§ Records for this exercise:
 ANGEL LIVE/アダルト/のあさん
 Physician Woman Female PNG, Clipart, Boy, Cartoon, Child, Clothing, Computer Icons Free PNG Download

* * *

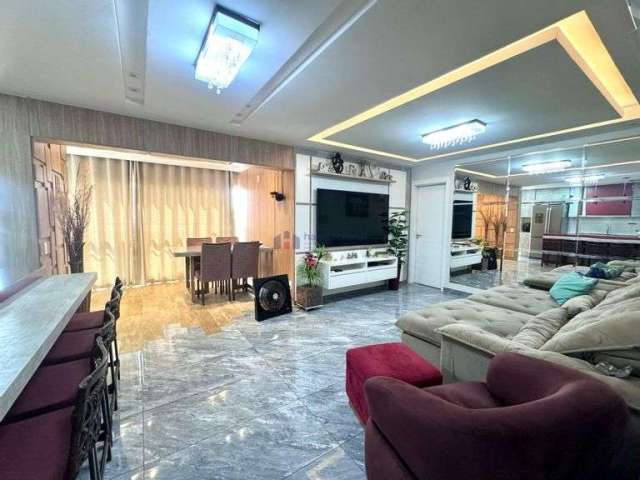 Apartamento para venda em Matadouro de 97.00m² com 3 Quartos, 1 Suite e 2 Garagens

* * *

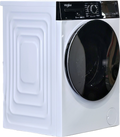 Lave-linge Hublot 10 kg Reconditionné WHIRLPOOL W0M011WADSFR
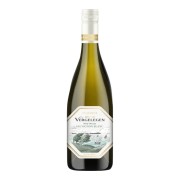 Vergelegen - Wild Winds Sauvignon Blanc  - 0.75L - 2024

§ Problem description:
Will you return exactly the lines above from the one with "ANGEL LIVE/アダルト/のあさん" down to the one with "Physician Woman Female", counting both as part of the range?

§ Result of this task:
 ANGEL LIVE/アダルト/のあさん
 Physician Woman Female PNG, Clipart, Boy, Cartoon, Child, Clothing, Computer Icons Free PNG Download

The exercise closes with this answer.